Los mesones se ubicaron, en general, en las casas típicas y amplias de la época colonial. Las habitaciones en dos pisos, rodeaban un patio que servía para estacionar los coches o los animales de los huéspedes. Tenían una bodega en donde se guardaban los implementos necesarios para el aseo y alimentación de caballos y demás animales que acompañaban a los inquilinos. Algunos contaban con un edificio anexo, la cocina o fonda, que tenía salida a la calle y constituía uno de los espacios más importantes de todo el local. También existía una habitación en la cual vivía el administrador. A pesar de que la pastura o el grano para los animales eran fundamentales, generalmente el viajero tenía que buscarlos en otros sitios pues en el mesón no existía un lugar especial que lo proveyera.

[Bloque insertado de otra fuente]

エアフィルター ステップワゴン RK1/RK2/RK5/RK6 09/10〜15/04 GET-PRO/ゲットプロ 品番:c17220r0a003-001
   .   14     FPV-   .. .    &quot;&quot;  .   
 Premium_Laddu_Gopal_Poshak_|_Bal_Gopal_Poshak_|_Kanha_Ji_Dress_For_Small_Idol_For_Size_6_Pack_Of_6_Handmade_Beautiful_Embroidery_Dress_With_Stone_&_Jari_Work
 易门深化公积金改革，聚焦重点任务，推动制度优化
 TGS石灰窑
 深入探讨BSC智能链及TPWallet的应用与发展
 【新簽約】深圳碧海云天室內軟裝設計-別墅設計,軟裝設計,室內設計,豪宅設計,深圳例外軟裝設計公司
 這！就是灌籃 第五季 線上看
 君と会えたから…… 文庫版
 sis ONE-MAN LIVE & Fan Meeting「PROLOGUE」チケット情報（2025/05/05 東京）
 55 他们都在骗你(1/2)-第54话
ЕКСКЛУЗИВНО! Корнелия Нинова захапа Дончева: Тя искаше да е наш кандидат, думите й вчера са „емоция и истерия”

La descripción de William T. Penny nos muestra el movimiento y la diversidad que abundaba en aquellos sitios:

En cada pueblo el mesón se distingue de las demás casas […] por ser generalmente el edificio más grande, exceptuando la iglesia […] Es una construcción de planta cuadrada que contiene por dentro el patio central que se halla completamente ocupado de carruajes, literas, caballos, mulas y hombres de todas las clases; sólo tiene planta baja y todas las habitaciones dan a ese patio. La entrada se hace bajo un pasaje abovedado que se cierra durante la noche […] a un lado de la entrada, bajo el arco, encontramos por lo general la cocina y, opuesto a ella, la tienda o almacén de toda suerte de cosas. Ambos compartimientos son de grandísima importancia para el mesón; sin embargo frecuente- mente encontramos el primero sin cocinero y el último con anaqueles vacíos.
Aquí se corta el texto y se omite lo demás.